Exercise description:
Print the material below exactly as it stands, please, from its first line to the line holding "Sai Ying Pun - King's Hill 01", with no pictures.

Data block:
- - - -

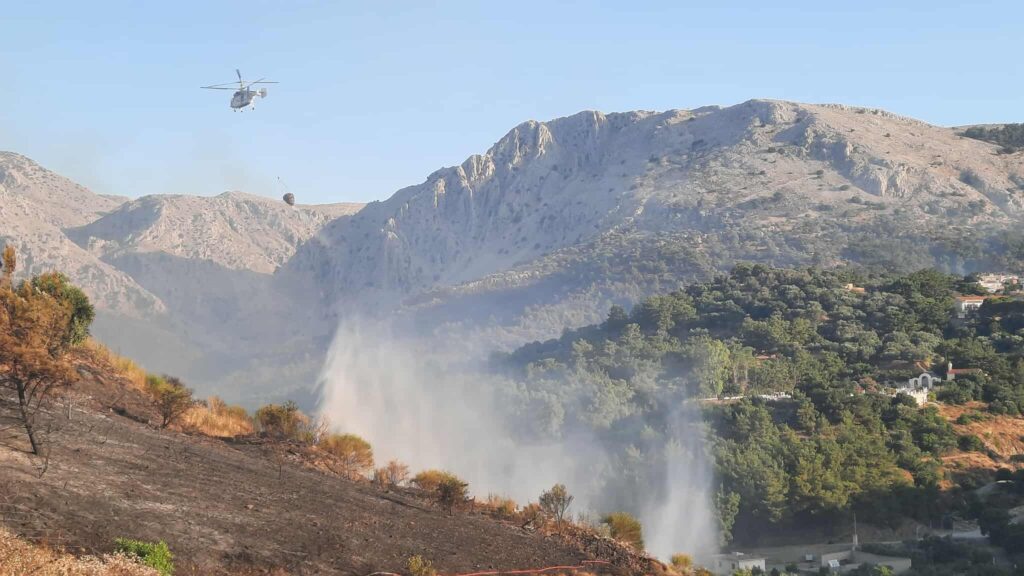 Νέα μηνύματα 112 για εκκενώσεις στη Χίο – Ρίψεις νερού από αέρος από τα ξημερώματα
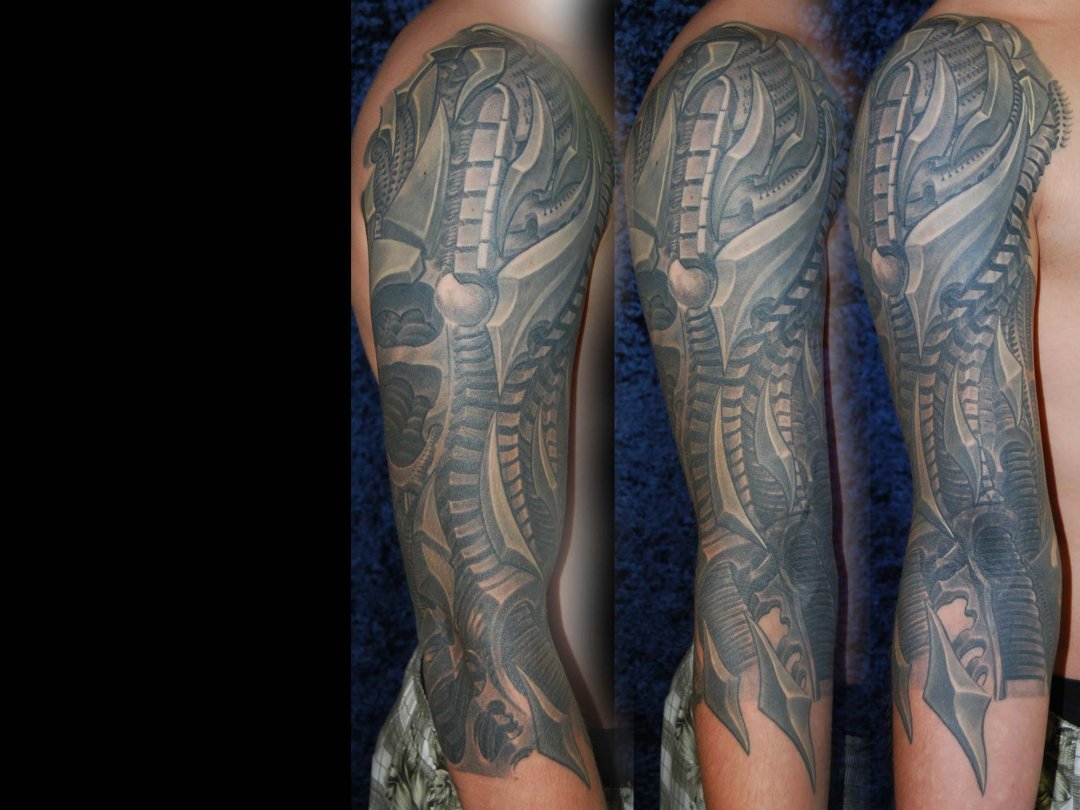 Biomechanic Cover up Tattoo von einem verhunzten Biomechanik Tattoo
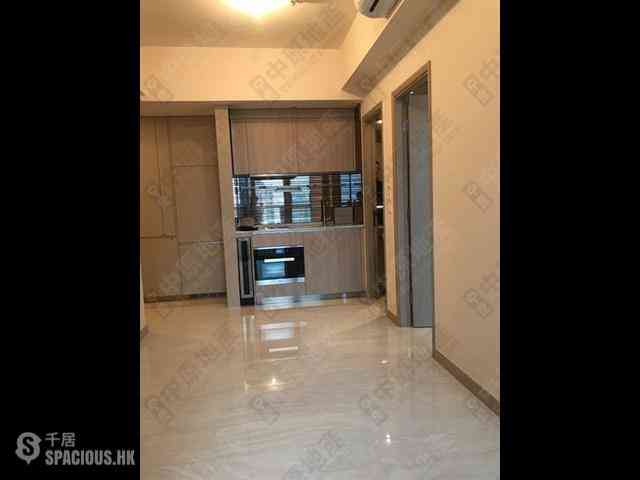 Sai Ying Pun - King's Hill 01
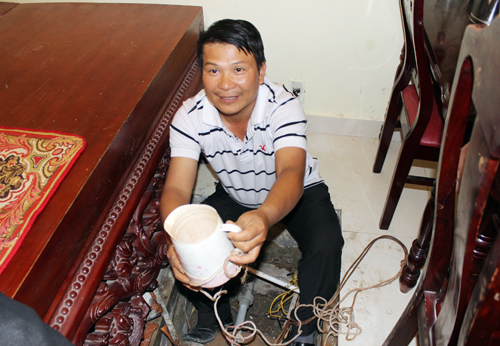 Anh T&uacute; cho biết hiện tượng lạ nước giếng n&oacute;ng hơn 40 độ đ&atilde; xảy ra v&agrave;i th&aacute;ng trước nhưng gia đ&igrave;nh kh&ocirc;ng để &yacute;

- - - -

Reply to the exercise:
 Νέα μηνύματα 112 για εκκενώσεις στη Χίο – Ρίψεις νερού από αέρος από τα ξημερώματα
 Biomechanic Cover up Tattoo von einem verhunzten Biomechanik Tattoo
 Sai Ying Pun - King's Hill 01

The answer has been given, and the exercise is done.